● **Task objective**
Every line from the one containing "2014 Honda Civic Sedan EX" to the last line of the listing below should be given again exactly.

━━━━━━━━

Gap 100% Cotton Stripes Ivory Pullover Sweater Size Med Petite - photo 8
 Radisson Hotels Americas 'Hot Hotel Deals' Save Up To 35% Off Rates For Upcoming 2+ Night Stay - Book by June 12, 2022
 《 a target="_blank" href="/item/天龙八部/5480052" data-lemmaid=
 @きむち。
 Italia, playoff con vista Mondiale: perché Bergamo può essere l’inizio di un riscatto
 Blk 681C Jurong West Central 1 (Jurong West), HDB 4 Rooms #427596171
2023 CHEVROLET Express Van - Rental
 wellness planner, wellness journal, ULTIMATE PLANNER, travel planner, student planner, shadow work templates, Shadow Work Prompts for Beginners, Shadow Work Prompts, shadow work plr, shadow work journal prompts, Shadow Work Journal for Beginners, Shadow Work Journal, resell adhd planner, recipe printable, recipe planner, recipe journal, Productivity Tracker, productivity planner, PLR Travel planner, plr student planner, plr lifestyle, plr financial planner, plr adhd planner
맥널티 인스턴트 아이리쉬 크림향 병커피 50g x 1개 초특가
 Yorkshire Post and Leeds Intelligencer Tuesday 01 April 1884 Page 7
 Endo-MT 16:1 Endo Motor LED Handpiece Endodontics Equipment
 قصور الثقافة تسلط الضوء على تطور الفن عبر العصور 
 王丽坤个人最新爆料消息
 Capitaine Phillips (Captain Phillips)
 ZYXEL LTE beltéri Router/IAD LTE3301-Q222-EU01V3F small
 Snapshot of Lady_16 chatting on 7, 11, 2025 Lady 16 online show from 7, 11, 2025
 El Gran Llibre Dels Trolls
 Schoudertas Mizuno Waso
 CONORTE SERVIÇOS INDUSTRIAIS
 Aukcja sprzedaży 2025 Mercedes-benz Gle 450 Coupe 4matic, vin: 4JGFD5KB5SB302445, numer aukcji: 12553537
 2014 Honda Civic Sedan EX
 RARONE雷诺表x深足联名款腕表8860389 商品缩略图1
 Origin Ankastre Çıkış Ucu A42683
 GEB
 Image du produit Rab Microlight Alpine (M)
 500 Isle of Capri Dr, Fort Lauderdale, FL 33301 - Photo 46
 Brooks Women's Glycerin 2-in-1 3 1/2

━━━━━━━━

● **Written solution**
 2014 Honda Civic Sedan EX
 RARONE雷诺表x深足联名款腕表8860389 商品缩略图1
 Origin Ankastre Çıkış Ucu A42683
 GEB
 Image du produit Rab Microlight Alpine (M)
 500 Isle of Capri Dr, Fort Lauderdale, FL 33301 - Photo 46
 Brooks Women's Glycerin 2-in-1 3 1/2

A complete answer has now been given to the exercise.